It's salient to note that the most severe global financial crisis ever has not brought about significant innovation in ideas or in actions. It's likely that the effects will not last as long as the Great Depression, for a couple of reasons - both related to lessons learnt from the 1929 crash.
First, international response has centred around large-scale Keynesian increases in public spending, to counter the widespread retreat of private capital. Second, the Depression was prolonged by trade protectionist policies, which isolationism is not being practiced today to any great degree.

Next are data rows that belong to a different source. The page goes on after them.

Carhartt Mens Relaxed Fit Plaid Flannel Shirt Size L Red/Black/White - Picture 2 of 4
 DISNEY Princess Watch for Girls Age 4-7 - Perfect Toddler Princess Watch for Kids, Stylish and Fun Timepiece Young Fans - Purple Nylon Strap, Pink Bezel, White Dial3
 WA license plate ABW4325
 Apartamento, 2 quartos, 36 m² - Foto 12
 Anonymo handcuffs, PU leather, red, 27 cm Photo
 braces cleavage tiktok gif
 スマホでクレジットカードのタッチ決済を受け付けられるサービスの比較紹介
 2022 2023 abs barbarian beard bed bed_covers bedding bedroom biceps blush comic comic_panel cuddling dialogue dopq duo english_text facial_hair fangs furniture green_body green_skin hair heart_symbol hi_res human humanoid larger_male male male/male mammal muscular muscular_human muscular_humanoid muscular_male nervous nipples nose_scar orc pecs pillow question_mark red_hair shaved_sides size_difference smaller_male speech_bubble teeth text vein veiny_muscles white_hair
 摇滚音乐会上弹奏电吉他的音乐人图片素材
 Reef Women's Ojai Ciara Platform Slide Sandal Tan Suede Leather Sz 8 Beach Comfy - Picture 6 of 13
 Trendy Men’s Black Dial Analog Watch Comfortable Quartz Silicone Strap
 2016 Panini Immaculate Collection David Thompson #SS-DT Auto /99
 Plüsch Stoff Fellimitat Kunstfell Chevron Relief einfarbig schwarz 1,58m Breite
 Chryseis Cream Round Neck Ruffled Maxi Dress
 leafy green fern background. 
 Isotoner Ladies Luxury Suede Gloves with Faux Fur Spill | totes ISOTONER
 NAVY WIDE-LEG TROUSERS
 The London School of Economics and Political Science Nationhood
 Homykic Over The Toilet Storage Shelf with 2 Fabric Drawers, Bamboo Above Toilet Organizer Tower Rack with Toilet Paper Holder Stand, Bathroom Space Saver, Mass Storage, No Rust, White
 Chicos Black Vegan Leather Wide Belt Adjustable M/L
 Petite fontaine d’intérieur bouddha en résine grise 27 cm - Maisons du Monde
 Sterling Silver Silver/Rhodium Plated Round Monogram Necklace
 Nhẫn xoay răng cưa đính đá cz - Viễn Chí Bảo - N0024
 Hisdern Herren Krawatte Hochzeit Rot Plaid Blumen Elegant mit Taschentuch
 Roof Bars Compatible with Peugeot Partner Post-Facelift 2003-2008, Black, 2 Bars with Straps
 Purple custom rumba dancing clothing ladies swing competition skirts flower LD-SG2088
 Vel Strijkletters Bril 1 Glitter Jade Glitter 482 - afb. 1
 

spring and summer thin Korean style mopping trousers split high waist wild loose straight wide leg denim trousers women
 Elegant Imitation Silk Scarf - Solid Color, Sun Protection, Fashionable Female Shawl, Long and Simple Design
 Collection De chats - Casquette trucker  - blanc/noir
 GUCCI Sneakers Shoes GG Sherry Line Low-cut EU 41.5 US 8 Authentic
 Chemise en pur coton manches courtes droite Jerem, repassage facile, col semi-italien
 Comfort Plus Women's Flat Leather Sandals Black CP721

But the world's leaders and policy-influencers are too busy reacting to the crisis to re-think their approach to financial systems. Certainly, there is a long-overdue recognition of the need to return to diligent regulation and monitoring of financial markets. It's quite plausible that financial regulation will become tougher than ever - which will make capitalists squeal, as not only is regulation anathema to "free" markets, but it also imposes transaction costs. Yet at the very minimum, regulation should force a far greater transparency to the financial instruments that are traded - which is one of the roots of the crisis: that is, trade in little-understood financial instruments into which were wrapped toxic unsustainable "low-doc" housing loans.
"If you don't fully understand an instrument, don't buy it" - Emilio Botin, chairman of Santander, Spain's largest lender.
But that is typically abrogated by the philosophy that
"If you look for high profits, you have to face higher risk".
Botin clearly didn't follow his own advice. The trouble is, if "everyone is doing it", the risk doesn't seem so great - it's spread around. That's one of the reasons Bernard Madoff got away with the largest financial fraud in history (just the same old pyramid - or Ponzi - scheme where dividends were paid from capital, not from investments, and more and more people were sucked in). Nobody understood how his instruments could make money, but the return was good and Madoff was "reputable". Financial regulation has to go far enough so as to prove or disprove any such scheme before the size gets into the tens of millions, let alone billions.
In the end, risks that were spread around were so great that they spread globally.
Last but most importantly, a very large opportunity has been missed - so far - by governments around the world. In attempting to revive capital formations with large injections of government money, it is the ideal time to foster - force - change in investment patterns to greatly favour lower carbon emissions. Instead, the financial crisis looks to be derailing the cause of remission of global warming in the crucial years in which the environmental crisis is now fully admitted.